Charlotte vander Borght’s recent work undergoes a similarly grotesque transformation, merging the industrial and the organic. Her exhibition opens with a netted, pond-scum-colored sculpture from her ongoing series Someone, No One, Anyone started in 2019. Often inverted, mounted on walls, and nestled into architecture, works from the series seem to linger in limbo, silently awaiting metamorphosis. Initially inspired by New York subway seats, this series quickly became vehicles for abstraction, remodeling the prototype into mutable, tonal-shaped paintings. Using resin, fiberglass, urethane, and pigment, vander Borght continuously reshapes them into unrecognizable painterly variants.

Themes of manufacturing and industry, latent in the first metro seats, arrive with full force in vander Borght’s photography. Large-format, high-resolution images of industrial spaces and commercial infrastructure create the illusion of the gallery space extending outward––a vacant truck bed littered with remnants, an empty elevator where a cleaning woman pauses as if caught mid-duty. These are transient spaces built for transporting goods and individuals. Whether elevators, trucks, subways, or chrysalises, the world of Charlotte vander Borght is one of perpetual transformation.

Vertical forms like Metamorphosis (D) and Metamorphosis (G) appear both alluring and hostile. Their surfaces echo the painterly application of her previous sculpture, but their shapes are more nebulous, even anthropomorphic. In Metamorphosis (D), a slender mahogany figure hovers before a blank wall, while Metamorphosis (G) looms, foreboding like a mummy sealed in a smooth sarcophagus. Nearby, Metamorphosis (C) suggests a more deviant transformation––part silvery chrysalis, part cracked open drainpipe, seemingly abandoned mid-metamorphosis. Mounted against a massive photographic wallpaper of an enlarged apple tree, Metamorphosis (D) appears dwarfed, suspended like an ornament before the oversized fruit-bearing branches. The scene recalls a sun-faded billboard––an artificial nature looming behind a shadowy, shifting form.

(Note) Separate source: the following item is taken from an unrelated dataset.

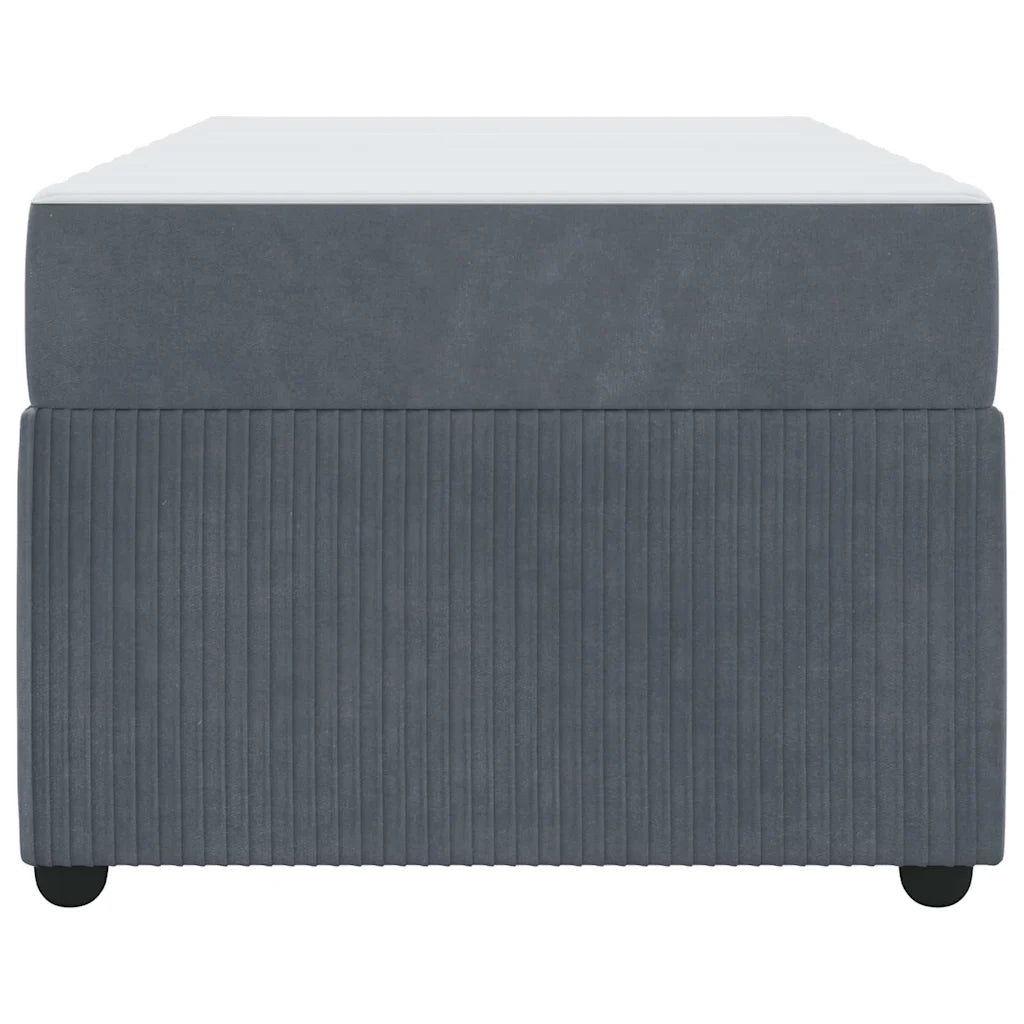 Struttura del letto Grigio scuro 80 x 200 cm Tessuto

Vander Borght’s latest sculptures push further into the anthropomorphic and biomorphic, reaching their most nightmarish forms yet. A monstrous purple-and-black figure, reminiscent of a corpse flower, erupts from the wall. The actual plant, known for its brief bloom and acrid stench, radiates heat—her version seems to burst through tar. Mounted at shoulder height and inverted, its central spear thrusts outward with malice. Its shiny belly appears wet as if covered by gasoline. It bulges like a snake digesting its prey.

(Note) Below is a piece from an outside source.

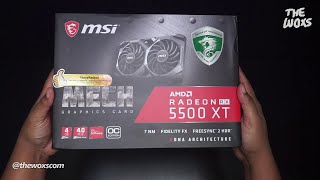 Unboxing MSI RX 5500 XT MECH OC 4GB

Elsewhere, flora takes on another haunting presence. In one of the final rooms, a wall-mounted sculpture imitates a giant morning glory, its velvety petals peeling away from a deep black void. It pushes through the white plaster like a rogue mushroom, forcing itself through a crack in the sidewalk. Nearby, photo collages of the flower produce nauseating, psychedelic bouquets—dense with multicolored blossoms, singing the plant’s hallucinogenic properties.